University of Saskatchewan Department of Computer Science

Department Seminar Series

Title: When is a clone not a clone? (and vice-versa)

Speaker: James R. Cordy, School of Computing, Queen's University

Date:

Time: 2:00 p.m.

Place: Thorvaldson 159

Abstract:

Software clones are fragments of code or other artifacts that are copied or repeated in source text.  Clones have a significant effect on software development and maintenance, and as a result clone detection, analysis and management has become a popular research topic in software engineering.  However, there is a class of languages for which clone detectors perform very poorly, and in fact return results that are either incomplete, uninteresting or downright incorrect.
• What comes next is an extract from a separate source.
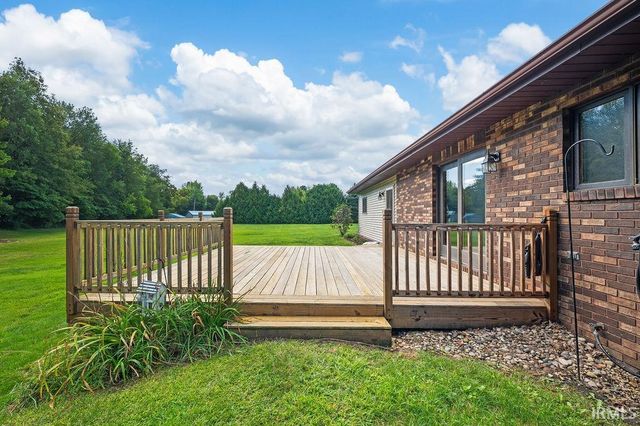 64790 Liberty Trail, North Liberty, IN 46554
In this talk I will introduce one such language, the Web Services Description Language.  I will explain why implicit assumptions made by clone detectors cause them to do very poorly in analysis of similarities in this and other modelling languages, and how we can resolve the problem by taking context into account.  I will demonstrate our results by applying the new method to the problem of web services personalization, and show how it generalizes to semantic methods such as LDA.

Biography:

James Cordy is Professor and past Director of the School of Computing at Queen’s University.  As leader of the TXL source transformation project with hundreds of academic and industrial users worldwide, he is the author of more than 130 refereed contributions in programming languages, software engineering and artificial intelligence.  Dr. Cordy is an ACM Distinguished Scientist, a senior member of the IEEE, and an IBM visiting scientist and faculty fellow.

This is joint work with PhD students Douglas Martin and Scott Grant, funded in part by NSERC, OGS and IBM Canada.